La forzatura, l’ultima, sta dentro questo quadro.
“Il nostro territorio non può più essere sotto ricatto per esigenze che appartengono a interessi e rapporti molto chiari tra Mit e Strada dei Parchi”, l’affondo dei sindaci di L’Aquila e Teramo, Pierluigi Biondi e Gianguido D’Alberto. Hanno ragione.
Le recenti vicende che hanno causato un danno d’immagine non indifferente alla Regione dovrebbero convincere la politica a rivedere, finalmente, il rapporto concessorio con Strada dei Parchi, fino a valutare la revoca della concessione stessa stante la considerazione che le autostrade abruzzesi - in questi giorni è stato giustamente ribadito - sono infrastrutture strategiche, un bene comune che, come tale, non dovrebbe essere gestito col fine ultimo di fare profitto, e ancora profitto.
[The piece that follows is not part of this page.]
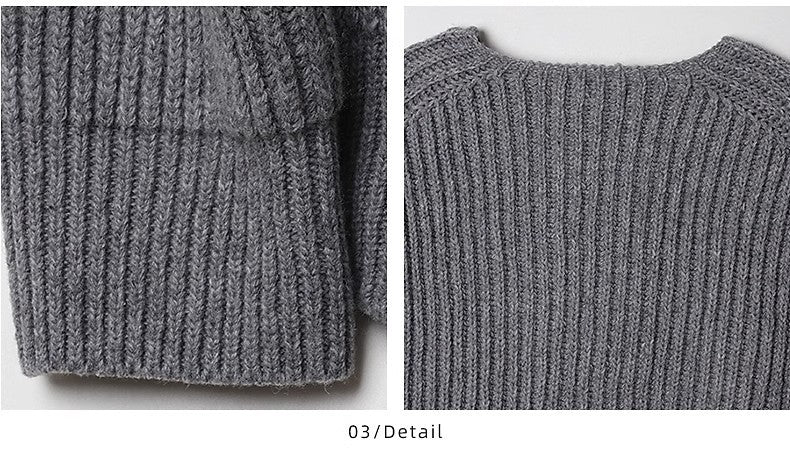 Men's Casual Solid Round Neck Knitting Cardigan Jacket 23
Se la società ha potuto fare il bello e il cattivo tempo, in questi giorni, è proprio per la concessione capestro che è stata sottoscritta, e poi rinnovata, per la gestione di A24 e A25. Lo ha ribadito il segretario generale di Apindustria, Massimiliano Mari Fiamma, in occasione del Consiglio comunale straordinario di giovedì scorso: il gruppo Toto ha preso in gestione le autostrade abruzzesi pagando a rate la concessione con i pedaggi autostradali. Altro che rischio d’impresa. Anzi, è previsto un utile fisso per il concessionario del 10%. Stante la necessità di manutenere l’infrastruttura, con i lavori che vengono eseguiti dal gruppo Toto, e di coprire le rate all’Anas mantenendo il 10% di utili, ecco che si spiegano i continui aumenti dei pedaggi.
Evidentemente, la politica dovrebbe avere il coraggio di rivedere i termini della concessione, sottraendosi al giogo della concessionaria. Se non ora quando, verrebbe da chiedersi. D’altra parte, stando ai fatti, stiamo parlando di una infrastruttura che, a fronte di pedaggi tra i più alti d’Italia, necessita di urgenti lavori di messa in sicurezza su alcuni viadotti, non adeguati sismicamente, ha alcuni svincoli chiusi per urgenti lavori di manutenzione, presenta limitazioni di circolazione, e non solo sotto il traforo del Gran Sasso.
Sia chiaro, la colpa non è solo della concessionaria Strada dei Parchi: le responsabilità sono diffuse, dei governi nazionali innanzitutto che hanno sottovalutato il tema della messa in sicurezza del ‘sistema Gran Sasso’ e, quando l’hanno affrontato, col commissariamento dei primi anni Duemila, non hanno risolto i problemi; dei governi regionali poi, che hanno ‘dimenticato’ il problema, almeno fino ai recenti incidenti che hanno riacceso i riflettori sulla vicenda. E ancora, dei Laboratori Nazionali del Gran Sasso e, dunque, di Strada dei Parchi che, per questo, non può sottrarsi alle sue responsabilità, limitandosi a scaricare su altri le incombenze che pure spettano alla concessionaria dell’autostrada.
Non serve ricordare cosa è accaduto in questi anni: ecco il motivo per cui la politica, stavolta, a tutti i livelli, dovrebbe mostrare ben altro atteggiamento.